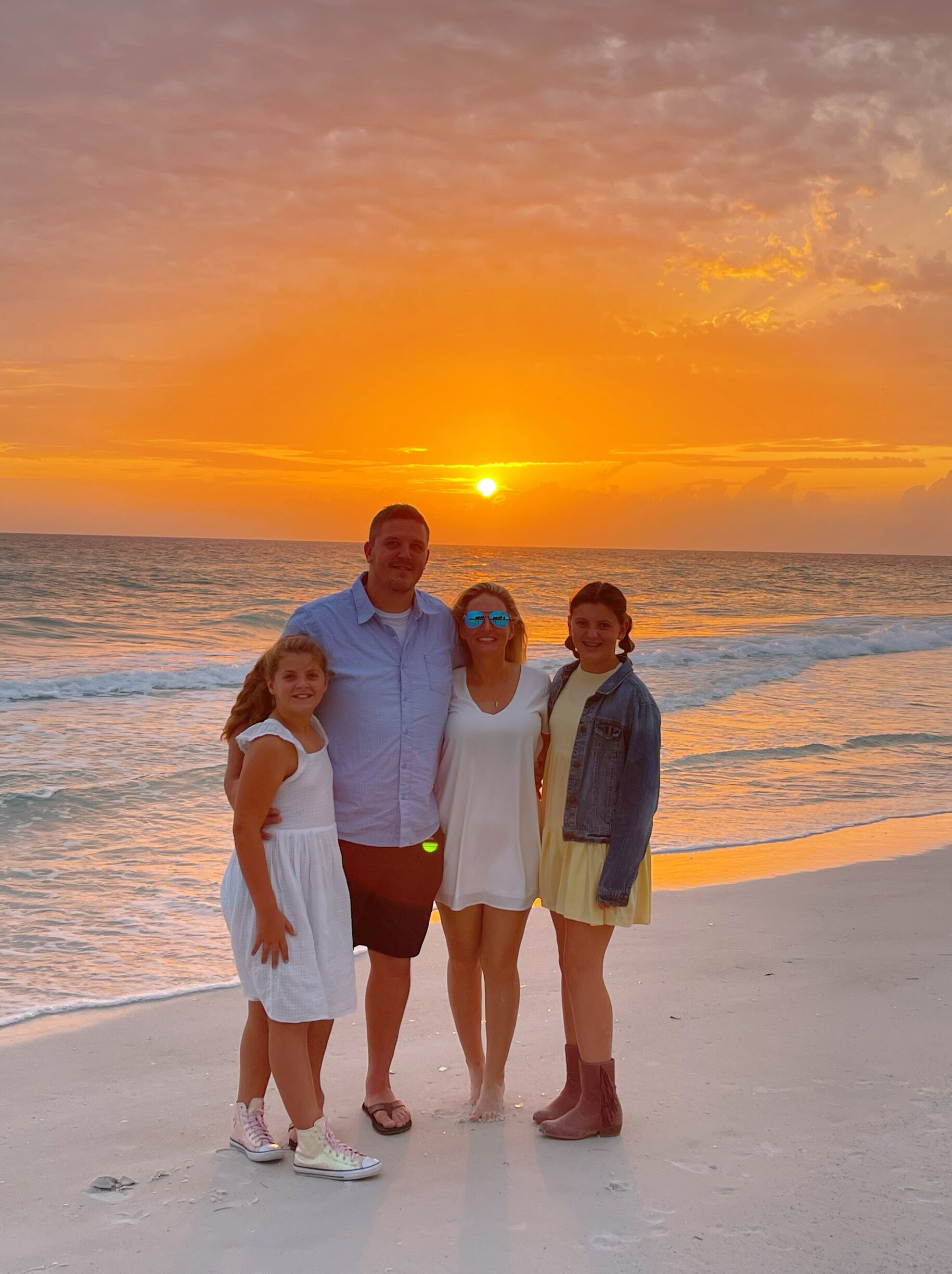 Une famille de quatre personnes se tient sur une plage, avec un coucher de soleil en arrière-plan.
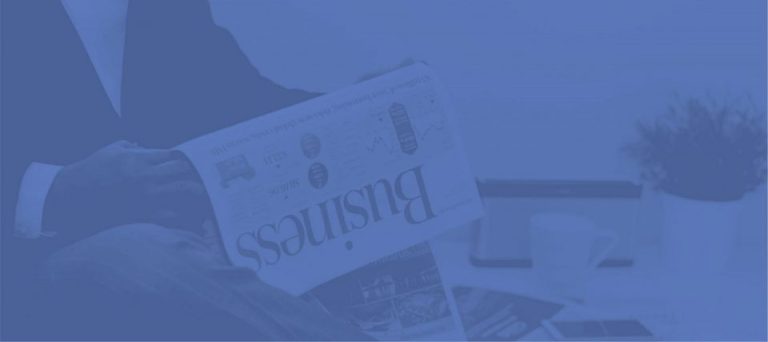 A folded newspaper business section, tinted blue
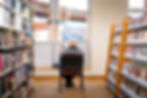 A man sits on a chair in the library, between two book shelves. He reads a newspaper facing the library window.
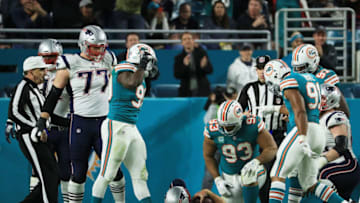 MIAMI GARDENS, FL - DECEMBER 11: Charles Harris #90 Cameron Wake #91 and Ndamukong Suh #93 of the Miami Dolphins celebrate sacking Tom Brady #12 of the New England Patriots in the fourth quarter at Hard Rock Stadium on December 11, 2017 in Miami Gardens, Florida. (Photo by Mike Ehrmann/Getty Images)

- _WHAT IS EXPECTED_:
Could you print the data exactly as it appears and keep the pictures out?

- _TASK OUTPUT_:
 Une famille de quatre personnes se tient sur une plage, avec un coucher de soleil en arrière-plan.
 A folded newspaper business section, tinted blue
 A man sits on a chair in the library, between two book shelves. He reads a newspaper facing the library window.
 MIAMI GARDENS, FL - DECEMBER 11: Charles Harris #90 Cameron Wake #91 and Ndamukong Suh #93 of the Miami Dolphins celebrate sacking Tom Brady #12 of the New England Patriots in the fourth quarter at Hard Rock Stadium on December 11, 2017 in Miami Gardens, Florida. (Photo by Mike Ehrmann/Getty Images)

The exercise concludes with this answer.